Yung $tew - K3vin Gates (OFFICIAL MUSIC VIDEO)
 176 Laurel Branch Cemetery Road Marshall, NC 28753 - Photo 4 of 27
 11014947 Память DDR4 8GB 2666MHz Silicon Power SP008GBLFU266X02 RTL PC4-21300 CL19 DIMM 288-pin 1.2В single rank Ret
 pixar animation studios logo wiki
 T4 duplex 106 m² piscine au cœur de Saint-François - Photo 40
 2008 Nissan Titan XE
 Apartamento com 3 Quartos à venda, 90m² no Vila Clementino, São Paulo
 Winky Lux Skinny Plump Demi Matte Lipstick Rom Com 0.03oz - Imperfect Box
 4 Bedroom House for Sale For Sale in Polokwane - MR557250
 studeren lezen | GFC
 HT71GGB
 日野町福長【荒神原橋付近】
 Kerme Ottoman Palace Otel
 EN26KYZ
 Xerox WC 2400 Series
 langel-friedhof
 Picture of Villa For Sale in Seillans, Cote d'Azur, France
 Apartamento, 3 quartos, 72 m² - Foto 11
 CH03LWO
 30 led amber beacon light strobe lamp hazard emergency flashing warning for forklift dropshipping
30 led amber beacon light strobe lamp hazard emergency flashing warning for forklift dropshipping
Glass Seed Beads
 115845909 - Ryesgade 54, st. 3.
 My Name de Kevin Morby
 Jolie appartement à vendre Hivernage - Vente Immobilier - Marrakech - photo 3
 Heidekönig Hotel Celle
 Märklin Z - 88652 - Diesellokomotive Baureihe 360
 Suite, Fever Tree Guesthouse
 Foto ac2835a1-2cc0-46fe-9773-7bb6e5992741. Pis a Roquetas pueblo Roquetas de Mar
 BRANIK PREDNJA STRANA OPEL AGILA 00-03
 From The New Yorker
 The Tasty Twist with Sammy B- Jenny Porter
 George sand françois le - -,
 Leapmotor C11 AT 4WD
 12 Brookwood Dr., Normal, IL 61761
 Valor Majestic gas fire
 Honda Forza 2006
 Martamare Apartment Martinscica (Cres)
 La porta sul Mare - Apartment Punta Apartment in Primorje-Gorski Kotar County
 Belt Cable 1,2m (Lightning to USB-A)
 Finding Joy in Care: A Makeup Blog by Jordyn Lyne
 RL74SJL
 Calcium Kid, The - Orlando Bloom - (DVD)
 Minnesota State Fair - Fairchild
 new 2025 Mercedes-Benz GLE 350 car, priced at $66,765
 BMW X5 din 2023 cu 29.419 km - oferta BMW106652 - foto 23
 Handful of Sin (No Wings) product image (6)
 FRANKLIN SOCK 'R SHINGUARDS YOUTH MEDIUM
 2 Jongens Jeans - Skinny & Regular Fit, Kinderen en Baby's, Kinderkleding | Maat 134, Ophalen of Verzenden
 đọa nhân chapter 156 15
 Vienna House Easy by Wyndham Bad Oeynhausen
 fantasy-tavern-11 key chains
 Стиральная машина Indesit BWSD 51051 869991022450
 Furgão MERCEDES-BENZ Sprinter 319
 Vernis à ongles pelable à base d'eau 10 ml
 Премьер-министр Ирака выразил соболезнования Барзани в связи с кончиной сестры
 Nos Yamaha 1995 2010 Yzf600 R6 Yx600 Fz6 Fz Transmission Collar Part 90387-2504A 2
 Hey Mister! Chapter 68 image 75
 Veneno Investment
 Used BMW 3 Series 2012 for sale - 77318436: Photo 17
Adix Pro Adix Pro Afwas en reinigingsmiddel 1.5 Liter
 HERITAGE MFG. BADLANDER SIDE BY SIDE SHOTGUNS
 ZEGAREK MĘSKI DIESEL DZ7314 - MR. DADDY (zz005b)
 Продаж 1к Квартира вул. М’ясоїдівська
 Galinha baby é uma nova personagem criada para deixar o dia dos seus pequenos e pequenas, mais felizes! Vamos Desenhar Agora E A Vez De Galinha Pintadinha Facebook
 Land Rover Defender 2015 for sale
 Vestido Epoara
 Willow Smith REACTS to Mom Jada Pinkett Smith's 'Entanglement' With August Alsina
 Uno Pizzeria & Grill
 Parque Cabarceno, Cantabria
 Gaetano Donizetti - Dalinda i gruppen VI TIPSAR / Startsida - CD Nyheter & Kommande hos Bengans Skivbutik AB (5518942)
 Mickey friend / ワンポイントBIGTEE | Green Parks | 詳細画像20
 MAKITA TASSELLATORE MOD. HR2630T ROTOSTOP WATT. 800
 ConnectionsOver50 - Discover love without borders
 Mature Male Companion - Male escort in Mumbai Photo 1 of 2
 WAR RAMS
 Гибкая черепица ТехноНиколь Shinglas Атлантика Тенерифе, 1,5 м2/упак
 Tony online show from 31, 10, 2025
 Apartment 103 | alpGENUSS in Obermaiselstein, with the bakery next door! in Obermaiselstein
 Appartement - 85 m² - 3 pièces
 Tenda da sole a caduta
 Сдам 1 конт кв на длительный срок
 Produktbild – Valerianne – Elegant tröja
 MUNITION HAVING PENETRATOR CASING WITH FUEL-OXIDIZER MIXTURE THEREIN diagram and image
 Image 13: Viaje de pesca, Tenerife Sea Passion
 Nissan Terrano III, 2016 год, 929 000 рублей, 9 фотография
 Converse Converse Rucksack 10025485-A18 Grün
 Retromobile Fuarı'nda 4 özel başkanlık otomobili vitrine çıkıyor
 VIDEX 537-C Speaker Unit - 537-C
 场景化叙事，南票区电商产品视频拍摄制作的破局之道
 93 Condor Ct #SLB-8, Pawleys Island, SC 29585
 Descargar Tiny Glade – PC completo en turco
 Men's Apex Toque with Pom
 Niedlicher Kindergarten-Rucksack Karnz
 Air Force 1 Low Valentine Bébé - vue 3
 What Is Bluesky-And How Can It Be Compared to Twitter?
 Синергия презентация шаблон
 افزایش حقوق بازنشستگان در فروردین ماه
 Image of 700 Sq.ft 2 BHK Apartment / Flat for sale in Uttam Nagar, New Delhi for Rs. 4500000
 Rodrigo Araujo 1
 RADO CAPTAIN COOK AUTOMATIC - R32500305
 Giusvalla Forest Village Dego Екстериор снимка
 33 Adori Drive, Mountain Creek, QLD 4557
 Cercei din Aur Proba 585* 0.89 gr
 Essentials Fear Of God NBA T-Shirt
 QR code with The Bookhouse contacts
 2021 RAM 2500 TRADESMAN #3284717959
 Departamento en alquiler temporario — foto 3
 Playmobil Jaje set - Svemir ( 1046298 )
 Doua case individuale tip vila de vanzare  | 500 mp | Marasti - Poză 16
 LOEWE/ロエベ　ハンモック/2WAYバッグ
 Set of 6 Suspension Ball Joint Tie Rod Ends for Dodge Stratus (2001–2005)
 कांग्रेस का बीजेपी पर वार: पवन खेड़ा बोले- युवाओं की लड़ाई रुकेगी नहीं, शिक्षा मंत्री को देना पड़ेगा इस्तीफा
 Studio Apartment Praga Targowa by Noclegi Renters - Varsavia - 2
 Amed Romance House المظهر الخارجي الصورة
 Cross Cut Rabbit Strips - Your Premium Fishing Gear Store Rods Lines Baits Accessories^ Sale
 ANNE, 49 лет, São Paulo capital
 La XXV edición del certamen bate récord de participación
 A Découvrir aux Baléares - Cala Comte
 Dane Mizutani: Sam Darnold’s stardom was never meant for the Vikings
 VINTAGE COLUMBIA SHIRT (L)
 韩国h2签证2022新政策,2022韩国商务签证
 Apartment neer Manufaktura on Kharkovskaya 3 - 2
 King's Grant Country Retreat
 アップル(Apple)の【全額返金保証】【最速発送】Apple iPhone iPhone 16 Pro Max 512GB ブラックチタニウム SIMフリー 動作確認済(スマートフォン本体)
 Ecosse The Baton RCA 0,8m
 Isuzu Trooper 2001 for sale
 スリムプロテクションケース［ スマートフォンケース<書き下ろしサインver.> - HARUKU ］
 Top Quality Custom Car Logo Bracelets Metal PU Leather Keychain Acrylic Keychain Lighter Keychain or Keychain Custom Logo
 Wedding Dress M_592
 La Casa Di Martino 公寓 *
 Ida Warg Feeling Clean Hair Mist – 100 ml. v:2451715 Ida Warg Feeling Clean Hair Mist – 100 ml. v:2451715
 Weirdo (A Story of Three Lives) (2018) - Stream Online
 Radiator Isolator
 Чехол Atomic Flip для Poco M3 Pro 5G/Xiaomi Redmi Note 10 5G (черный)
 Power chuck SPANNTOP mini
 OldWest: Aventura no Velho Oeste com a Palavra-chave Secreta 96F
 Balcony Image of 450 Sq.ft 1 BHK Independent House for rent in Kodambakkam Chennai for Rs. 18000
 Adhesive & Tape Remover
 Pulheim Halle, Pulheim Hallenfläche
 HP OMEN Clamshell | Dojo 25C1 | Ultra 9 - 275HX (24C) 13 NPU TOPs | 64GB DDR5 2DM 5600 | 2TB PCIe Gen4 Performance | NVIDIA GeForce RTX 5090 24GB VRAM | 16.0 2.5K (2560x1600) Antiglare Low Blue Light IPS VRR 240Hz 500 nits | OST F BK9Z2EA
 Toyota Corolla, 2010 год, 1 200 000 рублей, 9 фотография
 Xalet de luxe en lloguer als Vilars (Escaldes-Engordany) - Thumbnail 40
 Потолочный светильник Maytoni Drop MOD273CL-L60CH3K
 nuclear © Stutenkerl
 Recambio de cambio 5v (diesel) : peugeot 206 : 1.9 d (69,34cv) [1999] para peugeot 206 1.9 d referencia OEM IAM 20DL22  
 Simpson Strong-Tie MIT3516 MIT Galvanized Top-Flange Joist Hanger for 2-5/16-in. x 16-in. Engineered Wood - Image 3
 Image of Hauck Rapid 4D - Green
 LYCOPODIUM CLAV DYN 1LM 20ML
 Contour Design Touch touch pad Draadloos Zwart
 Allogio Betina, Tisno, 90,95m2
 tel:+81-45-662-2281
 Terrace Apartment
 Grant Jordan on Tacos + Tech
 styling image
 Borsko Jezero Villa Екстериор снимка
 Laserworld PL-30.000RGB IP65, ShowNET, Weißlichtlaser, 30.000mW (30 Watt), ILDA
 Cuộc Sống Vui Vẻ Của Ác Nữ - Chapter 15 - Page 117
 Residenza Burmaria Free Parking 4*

-------

**WHAT IS REQUIRED:** The required output is every line above from the one with "Adix Pro Adix" down to the one with "Departamento en alquiler temporario — foto 3", restated word for word, ends included.

**SOLUTION TO THIS EXERCISE:**
Adix Pro Adix Pro Afwas en reinigingsmiddel 1.5 Liter
 HERITAGE MFG. BADLANDER SIDE BY SIDE SHOTGUNS
 ZEGAREK MĘSKI DIESEL DZ7314 - MR. DADDY (zz005b)
 Продаж 1к Квартира вул. М’ясоїдівська
 Galinha baby é uma nova personagem criada para deixar o dia dos seus pequenos e pequenas, mais felizes! Vamos Desenhar Agora E A Vez De Galinha Pintadinha Facebook
 Land Rover Defender 2015 for sale
 Vestido Epoara
 Willow Smith REACTS to Mom Jada Pinkett Smith's 'Entanglement' With August Alsina
 Uno Pizzeria & Grill
 Parque Cabarceno, Cantabria
 Gaetano Donizetti - Dalinda i gruppen VI TIPSAR / Startsida - CD Nyheter & Kommande hos Bengans Skivbutik AB (5518942)
 Mickey friend / ワンポイントBIGTEE | Green Parks | 詳細画像20
 MAKITA TASSELLATORE MOD. HR2630T ROTOSTOP WATT. 800
 ConnectionsOver50 - Discover love without borders
 Mature Male Companion - Male escort in Mumbai Photo 1 of 2
 WAR RAMS
 Гибкая черепица ТехноНиколь Shinglas Атлантика Тенерифе, 1,5 м2/упак
 Tony online show from 31, 10, 2025
 Apartment 103 | alpGENUSS in Obermaiselstein, with the bakery next door! in Obermaiselstein
 Appartement - 85 m² - 3 pièces
 Tenda da sole a caduta
 Сдам 1 конт кв на длительный срок
 Produktbild – Valerianne – Elegant tröja
 MUNITION HAVING PENETRATOR CASING WITH FUEL-OXIDIZER MIXTURE THEREIN diagram and image
 Image 13: Viaje de pesca, Tenerife Sea Passion
 Nissan Terrano III, 2016 год, 929 000 рублей, 9 фотография
 Converse Converse Rucksack 10025485-A18 Grün
 Retromobile Fuarı'nda 4 özel başkanlık otomobili vitrine çıkıyor
 VIDEX 537-C Speaker Unit - 537-C
 场景化叙事，南票区电商产品视频拍摄制作的破局之道
 93 Condor Ct #SLB-8, Pawleys Island, SC 29585
 Descargar Tiny Glade – PC completo en turco
 Men's Apex Toque with Pom
 Niedlicher Kindergarten-Rucksack Karnz
 Air Force 1 Low Valentine Bébé - vue 3
 What Is Bluesky-And How Can It Be Compared to Twitter?
 Синергия презентация шаблон
 افزایش حقوق بازنشستگان در فروردین ماه
 Image of 700 Sq.ft 2 BHK Apartment / Flat for sale in Uttam Nagar, New Delhi for Rs. 4500000
 Rodrigo Araujo 1
 RADO CAPTAIN COOK AUTOMATIC - R32500305
 Giusvalla Forest Village Dego Екстериор снимка
 33 Adori Drive, Mountain Creek, QLD 4557
 Cercei din Aur Proba 585* 0.89 gr
 Essentials Fear Of God NBA T-Shirt
 QR code with The Bookhouse contacts
 2021 RAM 2500 TRADESMAN #3284717959
 Departamento en alquiler temporario — foto 3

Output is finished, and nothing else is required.